Человек стоял перед пультом.
На желтой пластмассовой панели была одна только кнопка, прикрытая выпуклым стеклом.
Человек долго стоял перед пультом, не решаясь сломать стекло и нажать кнопку…
Это — не начало рассказа. Читателю предстоит принять участие в следствии, притом несколько необычном.
Суть дела в следующем.
У каждого писателя-фантаста постепенно накапливаются идеи, которые не удалось использовать. Это отнюдь не «отходы производства». Нет, я имею в виду вполне доброкачественные идеи. Казалось бы, нет никаких причин, мешающих переложить эти идеи на язык фантастики. Но «переложение» не удается.
Конечно, научно-техническая идея еще недостаточна для создания рассказа или повести. Такую идею можно сравнить с авиационным мотором: сам по себе-даже запущенный на полную мощность, — он не сдвинется с места. Для полета нужны фюзеляж, крылья, органы управления. Допустим, все это есть. Самолет выруливаег на взлетную площадку. Крылья мечты должны поднять в воздух тяжелый мотор. Но испытания заканчиваются катастрофой…
Почему?
В авиации расследование ведет комиссия. Писателю в одиночку приходится искать причины неудач. Я хочу рассказать об одном таком случае. Мне кажется, следствие не только поможет ближе познакомиться с «технологией» фантастики, но и позволит заглянуть в будущее науки.
* * *
Я сказал — «следствие». Правильнее было бы применить другое слово. Речь идет об исследовании. Без кавычек.

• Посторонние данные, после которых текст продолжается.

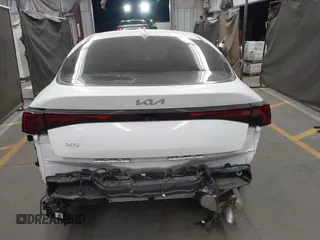 2025 Kia K5 LXS z VIN KNAG24J72S5284973, wystawiony jako IAAI lot #42162422 z przebiegiem 8 738 mil mil oraz . Historia ofert i sprzedaży dostępna na DreamBid. Obrazek 17.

Все началось с того, что я задал себе вопрос: какой будет наука далекого будущего, скажем, наука XXII века?
Чтобы ответить на этот вопрос, надо проследить развитие научного поиска. Тенденции здесь очевидны, выявить их нетрудно.

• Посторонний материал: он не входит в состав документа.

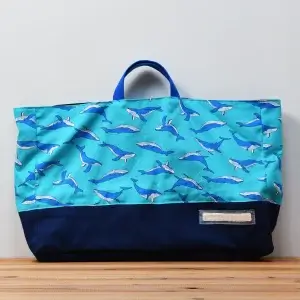 レッスンバッグ（クジラとライトブルー、帆布ダークブルー）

Начнем с научного оборудования. Тут явственно заметен постоянный и все убыстряющийся рост исследовательской аппаратуры. Первый микроскоп, построенный в 1677 году Левенгуком, представлял собой небольшую трубку с линзами. Высота современного электронного микроскопа превышает десять метров, а вес измеряется тоннами. Ту же тенденцию легко проследить и в развитии телескопа. Первый рефлектор Ньютона имел зеркало диаметром в 2,5 сантиметра. Длина телескопа была 15 сантиметров. Ньютон носил телескоп в кармане. Сейчас в Советском Союзе строится телескоп с шестиметровым зеркалом!

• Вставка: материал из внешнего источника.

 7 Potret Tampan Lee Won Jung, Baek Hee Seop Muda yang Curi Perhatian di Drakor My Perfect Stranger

Быстрое увеличение размеров исследовательского оборудования — тенденция, общая для всех отраслей науки. Но особенно чегко она проявляется в авангардной области современной науки, в физике. В 1820 году Эрстеду потребовались всего полметра проволоки и магнитная стрелка, чтобы поставить свой знаменитый опыт, приведший к открытию магнитного поля тока. Но менее чем за полтора столетия проволока, которую держал в руках Эрстед, превратилась в циклопические термоядерные установки и гигантские ускорители…
Размеры научного оборудования растут все быстрее и быстрее. «Сначала мы предполагали строить ускоритель, который придавал бы частицам энергию в 50 или 70 миллиардов электровольт, — рассказывал академик Топчиев. — Знаменитый советский ускоритель в Дубне рассчитан на 10 миллиардов… Мы должны идти дальше.
Но пяти-семикратное увеличение энергии теперь уже кажется маленьким. Нужно поднять энергию разгоняемых частиц хотя бы раз в сто. Значит, нужен ускоритель на 1000 миллиардов электроновольт!
В подобном сверхмощном ускорителе скорость частиц приблизится к скорости света… При таком разгоне частица, как и скоростной самолет, не сможет вращаться по маленькому кольцу. Орбита, радиус „разворота“ частицы поневоле возрастают. Если ускоритель в Дубне имеет радиус кольца 30 метров, то здесь он около трех километров!»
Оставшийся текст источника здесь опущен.